Here are five questions every first-time rental property investor has:
1. What are good locations for investment properties?
You hear it from both real estate agents and first-time homebuyers that location is one of the most important aspects of purchasing a property. When determining where to begin buying to build up your real estate investment portfolio, you might want to start in places that have affordable home prices. For example, Memphis and Nashville investment properties have cheaper real estate prices than Los Angeles or Manhattan.
Another big worry for investors is the thought of remotely investing in a property. As an out-of-state investor, you should account for maintenance and whether you need to hire a property manager to take care of your rental homes when you are not around.

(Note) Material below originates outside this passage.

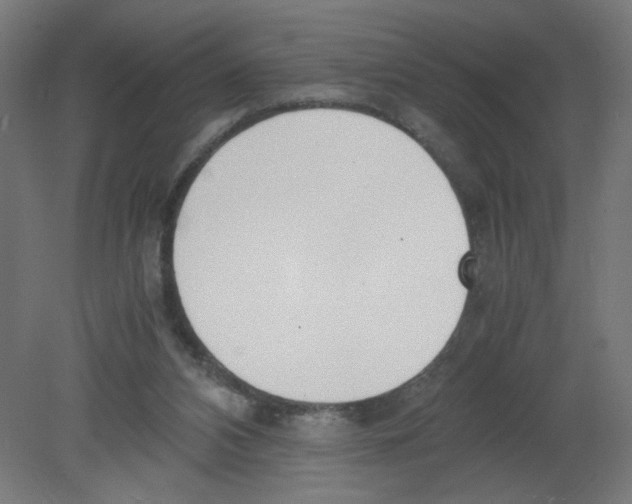 X0000080780112200701122132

2. What should I use to fund my investment?
While funding an investment property is a big decision, remember that you have a variety of options for funding. Even though some investors choose to buy properties with cash, you can fund your investments with your retirement savings, including your Individual Retirement Account (IRA). Another option for first-time investors is to apply for financing from an investment bank. You can also fund your properties using the investor loans available from Fannie Mae and Freddie Mac.
3. How will investment properties add to my retirement income?
By putting your IRA toward purchasing a rental property, you can create another source of income during your retirement. A rental property, when it is well-maintained and has great tenants, can last a lifetime, which is important when retirees need their income to last. Investing in an investment property can be an effective way to diversify your streams of income before and during retirement to help you live a comfortable life.
4. What kinds of properties should I buy?
Even when you already own a home, choosing properties in the rental market is different than buying a home for yourself. In choosing what kind of rental to buy, you have the options of single-family, multifamily and commercial properties. While demand for multifamily properties are picking up steam, single-family homes dominate the rental market and there has been a rise in demand for these types of rentals from families hoping to save money before buying a home.
5. How do I know I can trust an investment firm?
While there are obvious red flags that scream “get rich quick scheme” that you should recognize in any business, it might be harder to find firms you know you can trust to help you fund your investment. To locate the right investment firm for you, determine whether the contenders are knowledgeable about the areas you are looking to buy homes in and that they can answer your questions. When firms are more interested in helping you than themselves, you know you’ve found a good partner in real estate investing.